Snow 6
Friday, November 26th, 2010Polokov shakes and shakes when he sees it, he’s not even holding the gun pointing at me now, he’s too disturbed. I move towards him cautiously, and then rapidly as his eyes turn up in his head. The gun drops and I catch it, placing it on the ground immediately so that it doesn’t go off, and I can catch him. He’s a limp mass and I can’t hold him, but I lower him to the ground as gently as I can.
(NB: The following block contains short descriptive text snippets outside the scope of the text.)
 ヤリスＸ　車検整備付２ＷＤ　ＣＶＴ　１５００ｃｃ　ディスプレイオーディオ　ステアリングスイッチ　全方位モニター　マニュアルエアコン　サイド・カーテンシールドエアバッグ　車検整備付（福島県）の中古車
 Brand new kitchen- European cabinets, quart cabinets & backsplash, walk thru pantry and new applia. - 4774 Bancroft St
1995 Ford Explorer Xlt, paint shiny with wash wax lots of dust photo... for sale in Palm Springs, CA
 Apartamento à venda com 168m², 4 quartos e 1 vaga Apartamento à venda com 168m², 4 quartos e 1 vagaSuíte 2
He is shaking and foaming, I’m not sure what is wrong with him, but I can see that he’s in a bad way.
It’s a vigil, and too near the, doll, but I stay paying attention to him, avoiding looking in the table’s reflective surface. He calms after a while and his eyes look fairly normal. I’m not sure what has caused this fit, and I can do nothing about it. His breathing eases, and he slips into what seems to me to be a normal sleep. I don’t know how much time has passed, but I’m thirsty, that’s a bad sign.
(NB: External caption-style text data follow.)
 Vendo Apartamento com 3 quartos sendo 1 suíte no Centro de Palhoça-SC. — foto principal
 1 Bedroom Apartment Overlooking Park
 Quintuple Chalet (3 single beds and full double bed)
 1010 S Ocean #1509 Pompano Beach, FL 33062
Polokov wakes and I discover than I have been dozing on the floor by him. He is sitting up by the time I come to, and he looks at the gun, discarded only inches away from his hand. He picks it up by the barrel and hands it to me.
“Here,” he looks ashamed, I think, of his behaviour, “For you, you are more rational than I am it seems.” He starts to get to his feet. ”You took care of me. I appreciate it.” I nod, and he reaches down to me. I swap the gun from hand to hand, and take his, it’s the first thing resembling a handshake I’ve had in years. I don’t generally touch people if I can help it.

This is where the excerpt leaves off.